WHAT YOU SHOULD DO: Only certain lines below are wanted: those starting at the line containing "Red Wings GM" and ending at the line containing "5th image of 9304 Briarwick Ln", both included, each retyped exactly.

(Dataset items)
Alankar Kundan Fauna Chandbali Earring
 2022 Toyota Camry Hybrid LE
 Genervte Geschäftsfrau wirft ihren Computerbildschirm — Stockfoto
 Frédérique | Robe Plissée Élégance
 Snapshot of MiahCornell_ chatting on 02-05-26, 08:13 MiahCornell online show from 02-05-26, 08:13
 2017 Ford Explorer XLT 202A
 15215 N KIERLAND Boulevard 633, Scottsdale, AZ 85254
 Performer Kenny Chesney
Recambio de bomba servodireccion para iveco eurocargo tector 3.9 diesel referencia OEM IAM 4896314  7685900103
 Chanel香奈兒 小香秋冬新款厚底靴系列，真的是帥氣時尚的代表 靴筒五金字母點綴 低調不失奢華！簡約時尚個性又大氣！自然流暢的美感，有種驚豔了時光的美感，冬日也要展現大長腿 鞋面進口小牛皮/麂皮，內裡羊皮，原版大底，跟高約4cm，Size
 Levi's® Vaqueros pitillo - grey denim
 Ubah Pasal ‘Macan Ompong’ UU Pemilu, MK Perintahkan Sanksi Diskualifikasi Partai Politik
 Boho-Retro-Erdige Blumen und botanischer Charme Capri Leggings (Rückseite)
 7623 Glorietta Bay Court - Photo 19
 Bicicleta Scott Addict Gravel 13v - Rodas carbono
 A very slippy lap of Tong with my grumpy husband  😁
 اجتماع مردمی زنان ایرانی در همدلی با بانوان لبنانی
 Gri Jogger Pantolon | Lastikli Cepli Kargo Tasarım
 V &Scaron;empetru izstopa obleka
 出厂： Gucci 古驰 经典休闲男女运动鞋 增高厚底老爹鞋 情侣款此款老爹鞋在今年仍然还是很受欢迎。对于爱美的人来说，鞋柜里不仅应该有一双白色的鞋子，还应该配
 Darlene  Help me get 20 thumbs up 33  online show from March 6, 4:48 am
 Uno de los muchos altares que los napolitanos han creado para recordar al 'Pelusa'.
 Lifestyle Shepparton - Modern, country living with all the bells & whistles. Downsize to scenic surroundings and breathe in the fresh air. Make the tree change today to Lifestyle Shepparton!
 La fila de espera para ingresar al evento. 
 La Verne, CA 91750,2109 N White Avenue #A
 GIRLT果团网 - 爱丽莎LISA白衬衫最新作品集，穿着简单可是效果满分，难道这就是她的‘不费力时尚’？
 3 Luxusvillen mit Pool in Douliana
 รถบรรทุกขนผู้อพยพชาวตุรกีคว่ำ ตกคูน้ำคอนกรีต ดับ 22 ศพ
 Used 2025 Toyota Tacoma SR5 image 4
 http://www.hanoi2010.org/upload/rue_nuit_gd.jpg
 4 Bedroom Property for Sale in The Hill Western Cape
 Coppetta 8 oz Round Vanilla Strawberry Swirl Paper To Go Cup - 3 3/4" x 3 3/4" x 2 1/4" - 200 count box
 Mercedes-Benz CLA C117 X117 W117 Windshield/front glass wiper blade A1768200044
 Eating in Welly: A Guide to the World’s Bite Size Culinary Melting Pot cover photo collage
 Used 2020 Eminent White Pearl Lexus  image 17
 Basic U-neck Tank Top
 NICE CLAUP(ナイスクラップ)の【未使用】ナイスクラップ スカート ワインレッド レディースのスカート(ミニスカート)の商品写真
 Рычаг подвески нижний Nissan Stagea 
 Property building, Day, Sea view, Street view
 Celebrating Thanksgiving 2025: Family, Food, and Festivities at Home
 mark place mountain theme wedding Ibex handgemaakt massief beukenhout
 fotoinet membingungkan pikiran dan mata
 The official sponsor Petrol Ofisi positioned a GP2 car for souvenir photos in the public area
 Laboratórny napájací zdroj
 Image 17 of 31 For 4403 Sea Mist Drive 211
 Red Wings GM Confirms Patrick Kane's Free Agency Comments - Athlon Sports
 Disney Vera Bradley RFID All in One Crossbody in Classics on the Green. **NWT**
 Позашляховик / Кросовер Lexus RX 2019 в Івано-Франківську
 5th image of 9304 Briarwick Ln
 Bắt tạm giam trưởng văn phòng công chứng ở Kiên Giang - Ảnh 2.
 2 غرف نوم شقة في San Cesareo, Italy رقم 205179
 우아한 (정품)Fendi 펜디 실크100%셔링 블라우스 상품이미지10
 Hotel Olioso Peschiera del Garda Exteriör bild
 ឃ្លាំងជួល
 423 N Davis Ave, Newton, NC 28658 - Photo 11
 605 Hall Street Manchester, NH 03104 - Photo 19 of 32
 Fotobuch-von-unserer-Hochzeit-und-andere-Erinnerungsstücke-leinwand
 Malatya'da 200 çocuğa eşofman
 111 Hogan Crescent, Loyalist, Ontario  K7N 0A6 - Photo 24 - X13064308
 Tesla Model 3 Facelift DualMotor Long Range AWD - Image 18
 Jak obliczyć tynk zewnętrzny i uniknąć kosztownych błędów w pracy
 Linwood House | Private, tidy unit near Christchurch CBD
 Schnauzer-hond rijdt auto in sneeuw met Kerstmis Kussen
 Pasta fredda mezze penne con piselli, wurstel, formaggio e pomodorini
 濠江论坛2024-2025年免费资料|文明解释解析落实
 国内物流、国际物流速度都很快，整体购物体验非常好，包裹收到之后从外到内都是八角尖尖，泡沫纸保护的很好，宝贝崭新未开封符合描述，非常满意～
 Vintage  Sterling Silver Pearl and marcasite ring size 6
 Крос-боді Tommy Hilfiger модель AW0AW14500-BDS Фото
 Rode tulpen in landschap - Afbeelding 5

RESULT:
 Red Wings GM Confirms Patrick Kane's Free Agency Comments - Athlon Sports
 Disney Vera Bradley RFID All in One Crossbody in Classics on the Green. **NWT**
 Позашляховик / Кросовер Lexus RX 2019 в Івано-Франківську
 5th image of 9304 Briarwick Ln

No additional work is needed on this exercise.